Sonata for Violin and Piano
The son of a well-known violinist, Corigliano studied at Columbia University and worked as a programmer and producer in radio and recording. He has taught at the Manhattan School of Music, the Juilliard School, and City University New York. He writes in a highly intelligible idiom marked by both arching neo-Romantic lyricism and progressive instrumental and compositional techniques. He won Grammys for Best Contemporary Composition in 1991 (Symphony No. 1, which also won a Grawemeyer Award) and 1996 (String Quartet), and has scored popular films such as Altered States (1979) and The Red Violin (1997 – winning an Oscar). His opera The Ghosts of Versailles – commissioned by the Metropolitan Opera – was the Composition of the Year for the International Music Awards in 1992. His Symphony No. 2 won a Pulitzer Prize in 2001.
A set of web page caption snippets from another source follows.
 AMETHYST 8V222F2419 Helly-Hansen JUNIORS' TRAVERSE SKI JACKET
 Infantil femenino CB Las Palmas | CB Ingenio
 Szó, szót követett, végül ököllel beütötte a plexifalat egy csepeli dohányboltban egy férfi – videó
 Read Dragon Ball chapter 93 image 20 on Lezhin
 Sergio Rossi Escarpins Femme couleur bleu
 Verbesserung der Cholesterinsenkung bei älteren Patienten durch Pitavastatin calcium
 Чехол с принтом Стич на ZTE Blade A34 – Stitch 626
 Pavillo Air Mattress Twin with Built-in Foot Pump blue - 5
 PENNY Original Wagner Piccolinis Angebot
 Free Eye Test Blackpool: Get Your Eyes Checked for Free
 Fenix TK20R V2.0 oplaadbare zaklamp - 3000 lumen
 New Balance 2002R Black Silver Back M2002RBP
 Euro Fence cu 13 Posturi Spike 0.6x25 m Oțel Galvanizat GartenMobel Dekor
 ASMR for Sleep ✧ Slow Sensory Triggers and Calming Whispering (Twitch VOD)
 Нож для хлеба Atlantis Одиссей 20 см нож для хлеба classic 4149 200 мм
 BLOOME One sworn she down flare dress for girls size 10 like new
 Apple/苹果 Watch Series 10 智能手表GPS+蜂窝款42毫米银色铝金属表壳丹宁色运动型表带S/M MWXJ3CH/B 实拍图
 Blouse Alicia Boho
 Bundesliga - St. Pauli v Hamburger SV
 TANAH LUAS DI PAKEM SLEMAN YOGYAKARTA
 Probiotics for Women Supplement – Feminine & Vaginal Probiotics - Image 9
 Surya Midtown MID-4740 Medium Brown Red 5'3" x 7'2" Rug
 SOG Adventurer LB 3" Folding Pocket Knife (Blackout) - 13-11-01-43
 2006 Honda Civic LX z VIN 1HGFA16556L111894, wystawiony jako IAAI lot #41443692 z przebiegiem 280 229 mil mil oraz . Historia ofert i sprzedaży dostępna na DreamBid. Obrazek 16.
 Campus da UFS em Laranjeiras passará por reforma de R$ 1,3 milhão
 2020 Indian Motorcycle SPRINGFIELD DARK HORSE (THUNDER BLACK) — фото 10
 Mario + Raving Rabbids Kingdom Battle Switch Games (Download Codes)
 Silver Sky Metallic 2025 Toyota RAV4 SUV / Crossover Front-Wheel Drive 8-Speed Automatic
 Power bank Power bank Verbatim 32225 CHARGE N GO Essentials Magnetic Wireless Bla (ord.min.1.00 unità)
The composer has written the following note:
“The Sonata, written during 1962-63, is for the most part a tonal work although it incorporates non-tonal and poly-tonal sections within it as well as other 20th-century harmonic, rhythmic and constructional techniques. The listener will recognize the work as a product of an American writer although this is more the result of an American writing music than writing ‘American’ music – a second-nature, unconscious action on the composer’s part. Rhythmically, the work is extremely varied. Meters change in almost every measure, and independent rhythmic patterns in each instrument are common. The Violin Sonata was originally entitled Duo, and therefore obviously treats both instruments as co-partners. Virtuosity is of great importance in adding color and energy to the work, which is basically an optimistic statement, but the virtuosity is always motivated by musical means. To cite an example: the last movement rondo includes in it a virtuosic polyrhythmic and polytonal perpetual motion whose thematic material and accompaniment figures are composed of three distinct elements derived from materials stated in the beginning of the movement. The 16th-note perpetual motion theme is originally a counterpoint to the movement’s initial theme. Against this are set two figures – an augmentation of the movement’s primary theme and, in combination with that, a 5/8 rhythmic ostinato utilized originally to accompany a totally different earlier passage. All three elements combine to form a new virtuoso perpetual motion theme which is, of course, subjected to further development and elaboration.”